Hey Kids! Comics! vol. III #5 // Review

It's the middle of the 1980s, and the comic book industry is in a serious moment of change. It's the dawn of the Copper Age of Comics, and both the big two comic book companies AND a growing number of little indies are beginning to evolve into something completely different. Writer/artist Howard Chaykin continues his exploration of the history of the industry in Hey Kids! Comics! vol. III #5. Chaykin tells tales from the era of Moore, Miller, Eastman, Laird, and...Chaykin. It's a fun little excursion through the era that would end in the current rise of a post-comic book era for the comic book industry.

Durkee and Stendahl are in the process of being rejected by everyone. So all they have to do is publish themselves.

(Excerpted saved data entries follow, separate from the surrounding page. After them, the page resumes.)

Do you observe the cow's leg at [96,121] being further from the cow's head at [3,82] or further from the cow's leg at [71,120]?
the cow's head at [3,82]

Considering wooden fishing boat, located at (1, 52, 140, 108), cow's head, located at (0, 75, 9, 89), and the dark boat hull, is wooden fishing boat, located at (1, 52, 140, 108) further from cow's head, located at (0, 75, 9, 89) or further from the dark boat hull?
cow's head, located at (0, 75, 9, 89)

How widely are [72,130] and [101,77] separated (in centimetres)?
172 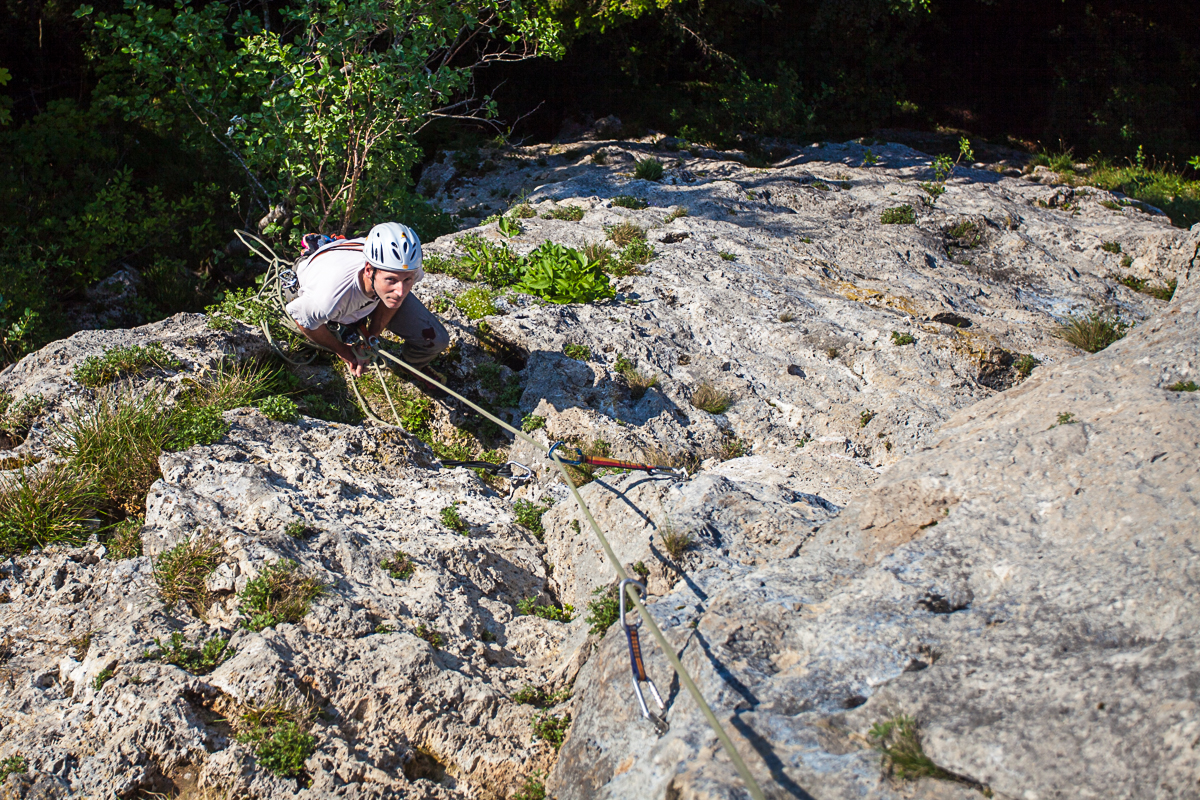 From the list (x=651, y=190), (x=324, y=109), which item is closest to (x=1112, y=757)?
(x=324, y=109)

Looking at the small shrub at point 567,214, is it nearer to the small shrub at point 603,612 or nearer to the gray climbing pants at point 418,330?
the gray climbing pants at point 418,330

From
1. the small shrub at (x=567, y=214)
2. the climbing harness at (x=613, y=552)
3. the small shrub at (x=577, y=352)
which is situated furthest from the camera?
the small shrub at (x=567, y=214)

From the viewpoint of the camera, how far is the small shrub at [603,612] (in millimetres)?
3758

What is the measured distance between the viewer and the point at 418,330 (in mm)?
5746

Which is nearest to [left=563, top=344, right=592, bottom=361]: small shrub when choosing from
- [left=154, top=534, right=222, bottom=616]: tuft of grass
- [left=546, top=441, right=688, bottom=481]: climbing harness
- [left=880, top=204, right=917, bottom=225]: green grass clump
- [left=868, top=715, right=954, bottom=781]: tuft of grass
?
[left=546, top=441, right=688, bottom=481]: climbing harness

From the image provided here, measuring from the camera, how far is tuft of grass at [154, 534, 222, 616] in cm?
388

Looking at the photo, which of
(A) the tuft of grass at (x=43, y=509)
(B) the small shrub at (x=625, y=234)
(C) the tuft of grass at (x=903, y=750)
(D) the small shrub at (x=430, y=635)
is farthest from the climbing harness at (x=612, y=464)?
(B) the small shrub at (x=625, y=234)

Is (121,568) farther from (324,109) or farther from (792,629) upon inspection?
(324,109)

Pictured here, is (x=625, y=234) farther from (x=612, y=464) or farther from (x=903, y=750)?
(x=903, y=750)

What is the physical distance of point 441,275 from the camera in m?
7.09

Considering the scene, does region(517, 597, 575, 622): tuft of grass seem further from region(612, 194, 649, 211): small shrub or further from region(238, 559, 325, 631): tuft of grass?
region(612, 194, 649, 211): small shrub

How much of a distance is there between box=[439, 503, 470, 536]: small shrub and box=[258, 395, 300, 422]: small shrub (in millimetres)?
1398

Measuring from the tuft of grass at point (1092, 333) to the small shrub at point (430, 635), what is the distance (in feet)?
19.5

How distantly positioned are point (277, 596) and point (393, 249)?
2351 mm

How hard could that be? And what are they going to do when The Antisocial Positronic Aardvarks make it mega-big in and out of the comics shops? Meanwhile, Marvel Verve Comics is hemorrhaging talent, and Jeanette Kahn Shoshana Glaub is helping to move DC Yankee Comics in a new, irreverent direction with some particularly dark iterations of the mainstream superhero genre. Meanwhile, Howard Chaykin Noah Gitlin is reaching some level of success, and there's talk of creating a comics rating system like they have in the movies. 

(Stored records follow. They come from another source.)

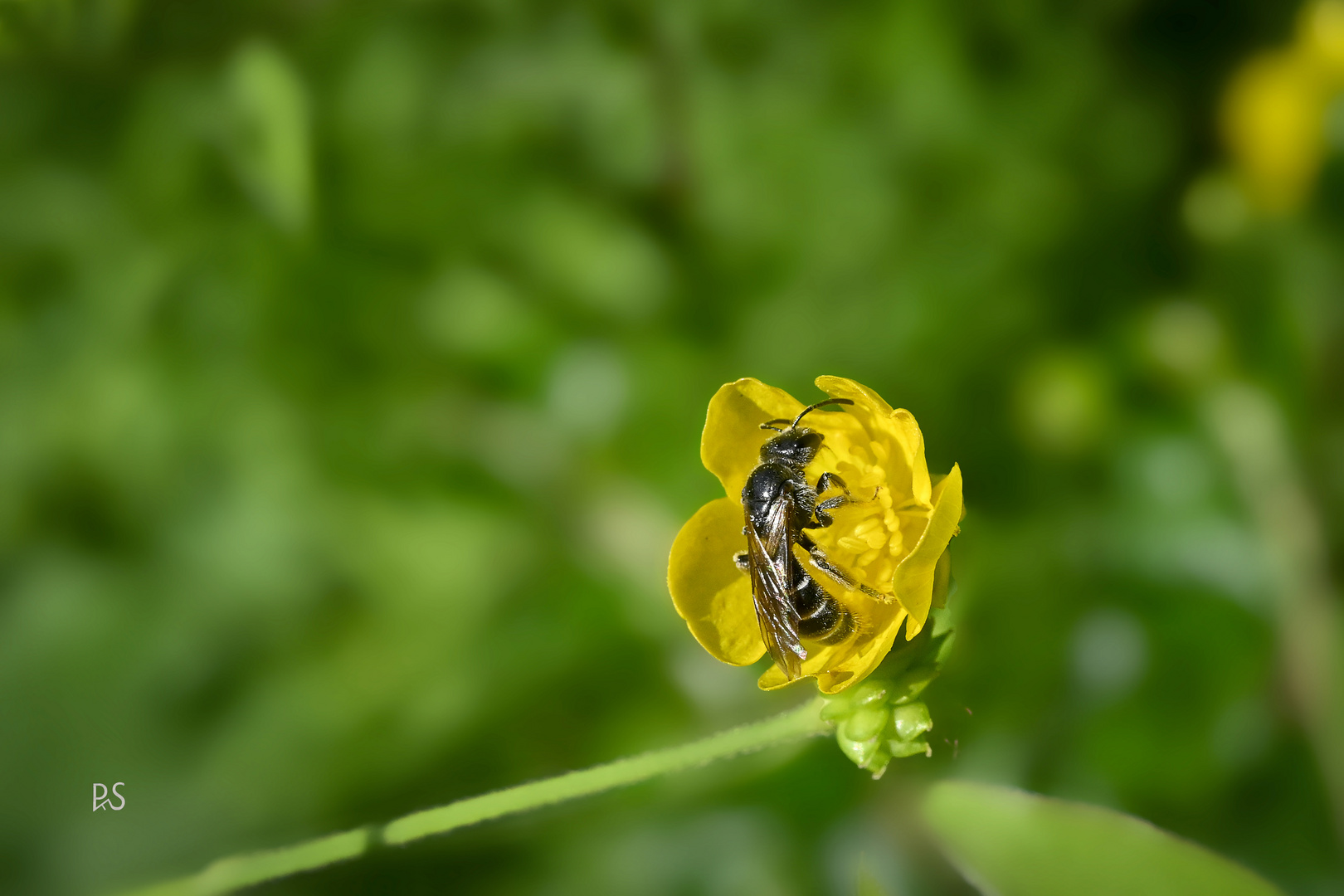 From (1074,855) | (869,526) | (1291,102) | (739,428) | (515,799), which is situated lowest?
(1074,855)

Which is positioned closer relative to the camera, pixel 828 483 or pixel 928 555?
pixel 928 555

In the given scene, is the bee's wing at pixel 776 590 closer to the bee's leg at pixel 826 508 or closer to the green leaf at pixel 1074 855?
the bee's leg at pixel 826 508

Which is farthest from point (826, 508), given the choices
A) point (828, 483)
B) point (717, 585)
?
point (717, 585)

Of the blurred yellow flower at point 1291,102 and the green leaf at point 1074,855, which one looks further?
the blurred yellow flower at point 1291,102

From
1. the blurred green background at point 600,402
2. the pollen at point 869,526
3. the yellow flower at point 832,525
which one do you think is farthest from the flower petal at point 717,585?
the blurred green background at point 600,402

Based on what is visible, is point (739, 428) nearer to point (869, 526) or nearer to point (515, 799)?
point (869, 526)

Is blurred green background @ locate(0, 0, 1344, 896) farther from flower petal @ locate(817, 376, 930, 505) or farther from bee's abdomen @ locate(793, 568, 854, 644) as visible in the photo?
bee's abdomen @ locate(793, 568, 854, 644)

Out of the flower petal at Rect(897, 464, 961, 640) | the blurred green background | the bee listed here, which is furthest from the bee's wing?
the blurred green background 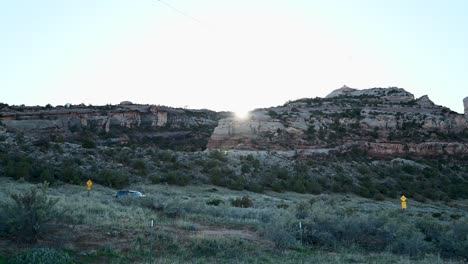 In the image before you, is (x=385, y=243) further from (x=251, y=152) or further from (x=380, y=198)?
(x=251, y=152)

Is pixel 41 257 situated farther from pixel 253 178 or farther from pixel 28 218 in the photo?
pixel 253 178

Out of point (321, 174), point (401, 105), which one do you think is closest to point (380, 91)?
point (401, 105)

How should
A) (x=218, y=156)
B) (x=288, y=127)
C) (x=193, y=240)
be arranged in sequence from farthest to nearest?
(x=288, y=127), (x=218, y=156), (x=193, y=240)

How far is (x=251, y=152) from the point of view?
175 ft

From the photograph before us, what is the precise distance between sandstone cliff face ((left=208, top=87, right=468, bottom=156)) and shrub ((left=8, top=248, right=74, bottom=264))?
45161mm

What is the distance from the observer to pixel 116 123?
6862 cm

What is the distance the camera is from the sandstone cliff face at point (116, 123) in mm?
61000

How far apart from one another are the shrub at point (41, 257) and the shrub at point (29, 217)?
6.10 feet

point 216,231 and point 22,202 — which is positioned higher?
point 22,202

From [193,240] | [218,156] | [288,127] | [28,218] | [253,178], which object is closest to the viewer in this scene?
[28,218]

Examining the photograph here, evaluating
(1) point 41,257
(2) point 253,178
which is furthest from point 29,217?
(2) point 253,178

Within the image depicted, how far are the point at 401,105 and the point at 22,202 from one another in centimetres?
6480

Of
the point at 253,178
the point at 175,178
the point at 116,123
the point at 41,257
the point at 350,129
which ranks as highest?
the point at 350,129

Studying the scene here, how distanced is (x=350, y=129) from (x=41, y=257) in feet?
181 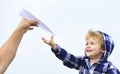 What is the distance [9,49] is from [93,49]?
15.4 feet

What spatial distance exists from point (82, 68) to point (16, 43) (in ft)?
15.7

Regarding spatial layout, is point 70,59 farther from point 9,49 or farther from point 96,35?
point 9,49

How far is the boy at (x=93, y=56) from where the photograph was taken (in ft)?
21.9

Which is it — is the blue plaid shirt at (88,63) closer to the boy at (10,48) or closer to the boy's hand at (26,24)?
the boy's hand at (26,24)

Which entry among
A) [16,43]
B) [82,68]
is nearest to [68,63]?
[82,68]

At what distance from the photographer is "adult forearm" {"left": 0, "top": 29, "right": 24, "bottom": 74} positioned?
214 centimetres

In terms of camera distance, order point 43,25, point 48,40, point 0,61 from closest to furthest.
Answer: point 0,61 → point 43,25 → point 48,40

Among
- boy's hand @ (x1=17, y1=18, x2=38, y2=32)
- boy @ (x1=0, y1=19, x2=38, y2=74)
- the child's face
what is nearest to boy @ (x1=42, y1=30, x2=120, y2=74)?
the child's face

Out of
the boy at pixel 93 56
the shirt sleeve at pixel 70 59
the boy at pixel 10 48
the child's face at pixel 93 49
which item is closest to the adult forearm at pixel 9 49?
the boy at pixel 10 48

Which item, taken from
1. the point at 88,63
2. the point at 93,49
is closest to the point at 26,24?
the point at 93,49

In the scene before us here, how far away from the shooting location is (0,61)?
7.04 ft

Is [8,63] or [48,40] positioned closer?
[8,63]

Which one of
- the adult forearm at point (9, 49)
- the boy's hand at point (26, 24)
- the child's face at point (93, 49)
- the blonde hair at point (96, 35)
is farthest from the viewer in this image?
the blonde hair at point (96, 35)

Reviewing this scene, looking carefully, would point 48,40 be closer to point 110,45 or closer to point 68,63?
point 68,63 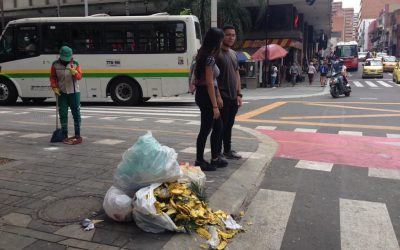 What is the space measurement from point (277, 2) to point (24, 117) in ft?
78.8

Chaykin quickly moves through various aspects of comic books history with wit and a sharp narrative style. It's clear that he has no love for Eastman and Laird, but there IS a great deal of respect for them and what they'd built. The framing of the Dark Knight/Watchmen era of DC Comics is a fun read from Chaykin's perspective, and it IS interesting seeing him give a serious amount of weight to talks of self-regulation in the era.

It's fascinating to watch Chaykin work in so many familiar styles in the interest of illustrating the history of the industry. There are some very sharp page layouts that hammer home the emotional reality of an era that Chaykin was very much a part of. Reaction in and around the self-regulation matter hits the page in 13 angry panels featuring various figures in the industry being very terse. Most artists would need help nailing the power of that the way Chaykin does. There's an aggressive punchiness to the art that amplifies the drama without making it feel exaggerated. Cleverly nuanced stuff.

As sharp as Chaykin's storytelling is, it's a very quick enjoyment across various elements of this point in comic book history. There isn't a whole lot of insight that's being driven into the narrative. He's just delivering it to the page in a way that seems suitably crazy. Because it was a crazy area. Because there's never been anything other than a crazy era in a very, very strange industry. The business never really made sense. Chaykin knows this, and he's playing with it in a way that makes it feel every bit as insane as it is. Art imitates life imitating art.